3:17  Like the city this church was proud of their wealth and self‑sufficiency.  They did not know they were very poor.  They were proud and did not know they were really naked.  Their black wool cloaks did not cover their spiritual nakedness.  The works they did were offensive to God.

Jesus said, “The Phrygian eye salve that you have made your money on, has caused your blindness.  You have rationalized and deceived yourself into believing your own evaluation of yourself.”  They could say God gave them the resources to build their beautiful church.  God had prospered them and they were thankful God loved them.  They must be doing something right.  Look at how much God had given them.  Their view of themselves is not accurate.  A hypocrite knows he is one thing and pretends to be something else.  These people really believed they were spiritually wealthy.  They did not know they were wretched, miserable, poor, blind and naked.  They were worse than hypocrites.  They lived in a make believe world of dead works.

3:18  There is hope.  Jesus has quality clothes and eye salve.

3:19  Repent.  Jesus is correcting the church because He loves them.  He commands them to repent (in one decisive act; aorist imperative) and make it their practice to continue to live zealously for the Lord (present imperative).

3:20  Listen and open.  You have shut Jesus outside of your life but He is waiting to come in and be Lord of All.  You must open the door that lukewarmness has closed.  This is a conditional appeal to the church and applies to each individual.  Jesus asks permission to enter and re-establish fellowship.  He will not force himself on your will.  You think He’s in your heart already?  Is Jesus Lord of your life or is He knocking?

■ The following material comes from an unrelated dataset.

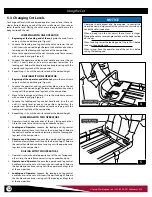 Preview for 12 page of Ferno 24 miniMAXX User Manual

Supper was the main meal of the day.  It was a leisurely time of fellowship, not a quick bite to eat.

3:21‑22  The letter concludes with a promise of real honor and status.  Christ overcame by way of the cross and this sets the pattern for His followers.  What looked like Christ’s defeat was in fact his victory.  We have victory in Jesus in a way that surprises the world.

Cultural accommodation and compromise are still a major sin in the church.  The spirit of the city can invade the church.  Prosperity and physical ease have silenced the call to commitment.

It is interesting that both churches that had no enemies were the worst off spiritually.  Those churches that were having the most persecution received the greatest complements.

The church in Laodicea was a ‘good’ church.  There was no immorality among the members, no false teachers, no persecution, no problems, but they were lukewarm.  They had riches, and suffered the fate of many that prosper.  They were thankful that God was blessing them.  They were thankful that God was allowing them to succeed.  They were very gracious and proper Christians.

Our church has the same temptations today.  We are tempted to leave Jesus out of our lives.  Have you turned down the noises in your life so you can hear Him knocking?

The lesson seems very obvious.  A church is in danger of becoming like the culture it lives in.  A church is in danger of going with the flow.  A church can make God sick by being lukewarm.  Numbers are only a sign of worldly success.  God’s success criteria are the fruit of the Spirit.  If you have no active love for God and others, you taste terrible to God.

There is hope for the bitterest tasting lukewarm church.  Jesus stands at the door of our hearts and explains why He is knocking.  Do you hear His voice?  Do you want to hear His voice?